Saul kept David with him from that day on and did not let him go home to his father's house.
Jonathan made an agreement with David, because he loved David as much as himself.
He took off his coat and gave it to David, along with his armor, including his sword, bow, and belt.
Saul sent David to fight in different battles, and David was very successful. Then Saul put David over the soldiers, which pleased Saul's officers and all the other people.
After David had killed the Philistine, he and the men returned home. Women came out from all the towns of Israel to meet King Saul. They sang songs of joy, danced, and played tambourines and stringed instruments.
As they played, they sang, "Saul has killed thousands of his enemies, but David has killed tens of thousands."
The women's song upset Saul, and he became very angry. He thought, "The women say David has killed tens of thousands, but they say I have killed only thousands. The only thing left for him to have is the kingdom!"
So Saul watched David closely from then on, because he was jealous.
The next day an evil spirit from God rushed upon Saul, and he prophesied in his house. David was playing the harp as he usually did, but Saul had a spear in his hand.
He threw the spear, thinking, "I'll pin David to the wall." But David escaped from him twice.
The Lord was with David but had left Saul. So Saul was afraid of David.
He sent David away and made him commander of a thousand soldiers. So David led them in battle.
He had great success in everything he did because the Lord was with him.
When Saul saw that David was very successful, he feared David even more.

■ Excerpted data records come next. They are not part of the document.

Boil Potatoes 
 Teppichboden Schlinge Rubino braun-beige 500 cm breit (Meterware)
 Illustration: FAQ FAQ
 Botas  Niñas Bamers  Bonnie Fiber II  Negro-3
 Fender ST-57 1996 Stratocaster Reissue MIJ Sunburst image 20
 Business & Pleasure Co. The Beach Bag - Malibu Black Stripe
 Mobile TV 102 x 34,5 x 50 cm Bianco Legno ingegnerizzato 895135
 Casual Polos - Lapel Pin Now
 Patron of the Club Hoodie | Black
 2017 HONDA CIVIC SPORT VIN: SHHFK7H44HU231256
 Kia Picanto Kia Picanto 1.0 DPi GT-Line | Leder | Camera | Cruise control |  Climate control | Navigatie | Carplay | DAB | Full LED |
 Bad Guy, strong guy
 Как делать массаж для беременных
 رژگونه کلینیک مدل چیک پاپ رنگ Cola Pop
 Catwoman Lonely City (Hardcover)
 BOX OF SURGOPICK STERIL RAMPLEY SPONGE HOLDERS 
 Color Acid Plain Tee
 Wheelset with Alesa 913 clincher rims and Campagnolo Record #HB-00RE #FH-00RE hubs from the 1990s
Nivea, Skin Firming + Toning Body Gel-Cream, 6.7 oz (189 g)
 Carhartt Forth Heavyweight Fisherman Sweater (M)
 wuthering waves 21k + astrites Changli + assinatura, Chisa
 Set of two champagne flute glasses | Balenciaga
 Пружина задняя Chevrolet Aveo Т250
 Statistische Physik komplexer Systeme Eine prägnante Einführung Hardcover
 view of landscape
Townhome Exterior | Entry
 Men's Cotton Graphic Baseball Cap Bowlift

But all the people of Israel and Judah loved David because he led them well in battle.
Saul said to David, "Here is my older daughter Merab. I will let you marry her. All I ask is that you remain brave and fight the Lord's battles." Saul thought, "I won't have to kill David. The Philistines will do that."
But David answered Saul, saying, "Who am I? My family is not important enough for me to become the king's son-in-law."
So, when the time came for Saul's daughter Merab to marry David, Saul gave her instead to Adriel of Meholah.
Now Saul's other daughter, Michal, loved David. When they told Saul, he was pleased.
He thought, "I will let her marry David. Then she will be a trap for him, and the Philistines will defeat him." So Saul said to David a second time, "You may become my son-in-law."
And Saul ordered his servants to talk with David in private and say, "Look, the king likes you. His servants love you. You should be his son-in-law."
Saul's servants said these words to David, but David answered, "Do you think it is easy to become the king's son-in-law? I am poor and unimportant."
When Saul's servants told him what David had said,
Saul said, "Tell David, 'The king doesn't want money for the bride. All he wants is a hundred Philistine foreskins to get even with his enemies.'" Saul planned to let the Philistines kill David.
When Saul's servants told this to David, he was pleased to become the king's son-in-law.
So he and his men went out and killed two hundred Philistines. David brought all their foreskins to Saul so he could be the king's son-in-law. Then Saul gave him his daughter Michal for his wife.
Saul saw that the Lord was with David and that his daughter Michal loved David.
So he grew even more afraid of David, and he was David's enemy all his life.
The Philistine commanders continued to go out to fight the Israelites, but every time, David was more skillful than Saul's officers. So he became famous.